## [Task to carry out]
The line containing "Flip Board XXL" and each line after it, through the final line of the data, are to be retyped exactly, with pictures left out.

Records from a dataset:
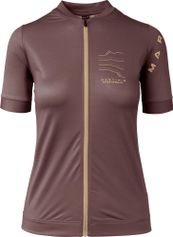 Martini Velox Road Bike Tricot W Damen Radtrikot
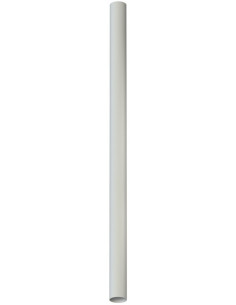 Nowodvorski FOURTY 10886 — Podłużna lampa sufitowa GU10 szara industrialna loft 75 cm, aluminium 2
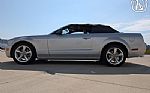 2005 Mustang GT Thumbnail 7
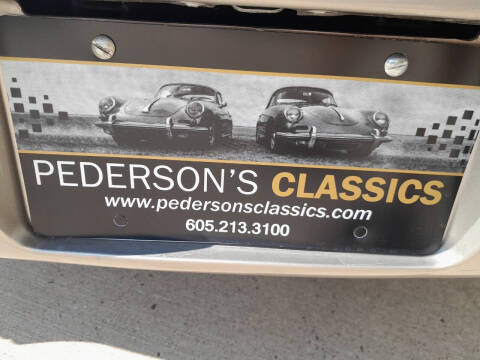 2001 Pontiac Firebird Trans Am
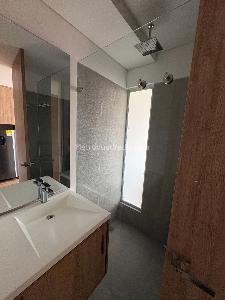 Apartamento de 1 alcoba en arriendo en Corferias, Bogotá, 35 m² · foto 8 de 19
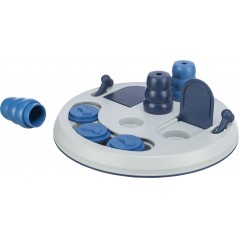Flip Board XXL Strategy Game 28cm - Trixie - 16,95 € - Trixie - 4057589320537 - Ornibird SRL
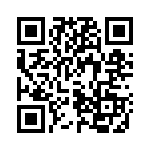 40F15RE QRCode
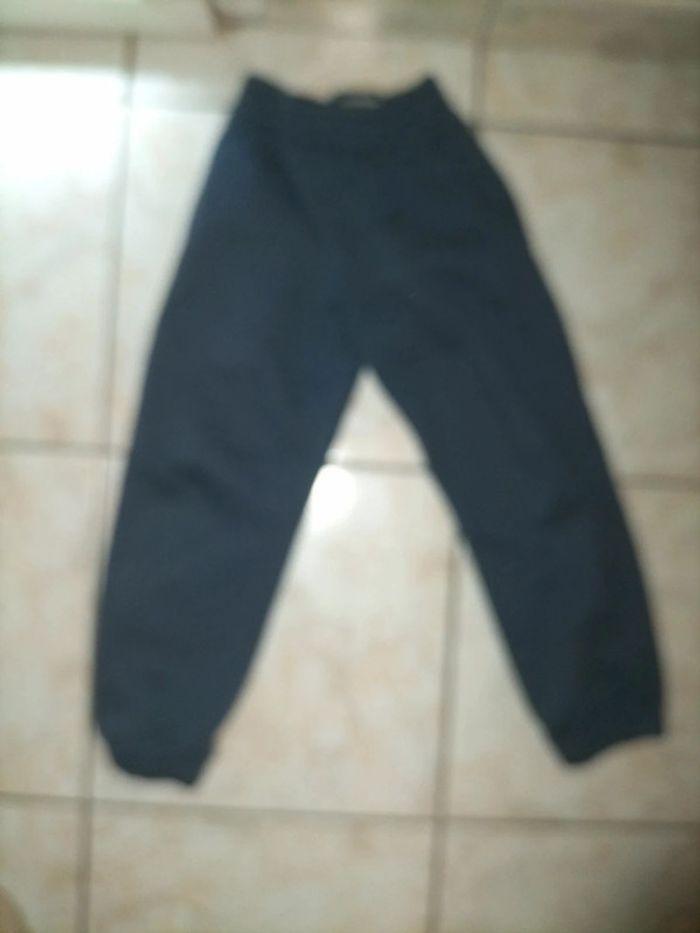 Pantalon de jogging - photo numéro 1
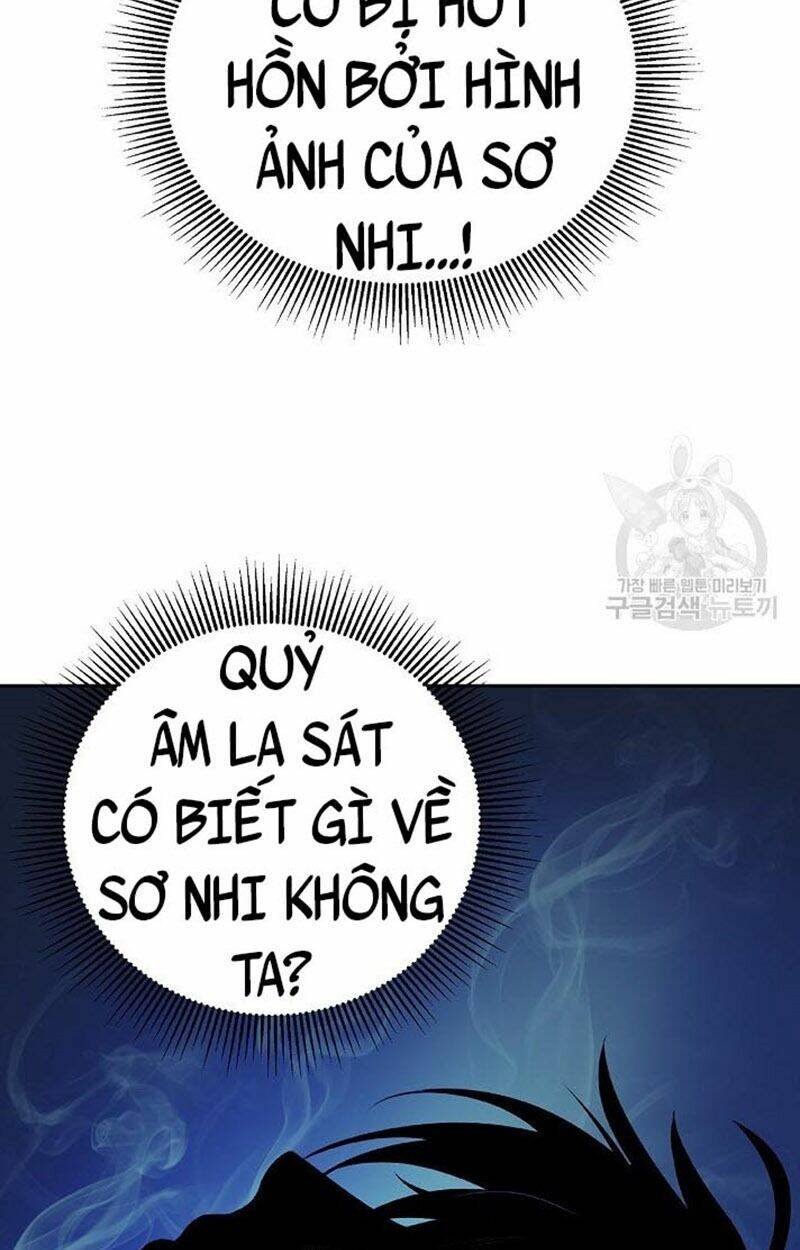 Chương 77 - Trang 116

## [Answer to the exercise]
Flip Board XXL Strategy Game 28cm - Trixie - 16,95 € - Trixie - 4057589320537 - Ornibird SRL
 40F15RE QRCode
 Pantalon de jogging - photo numéro 1
 Chương 77 - Trang 116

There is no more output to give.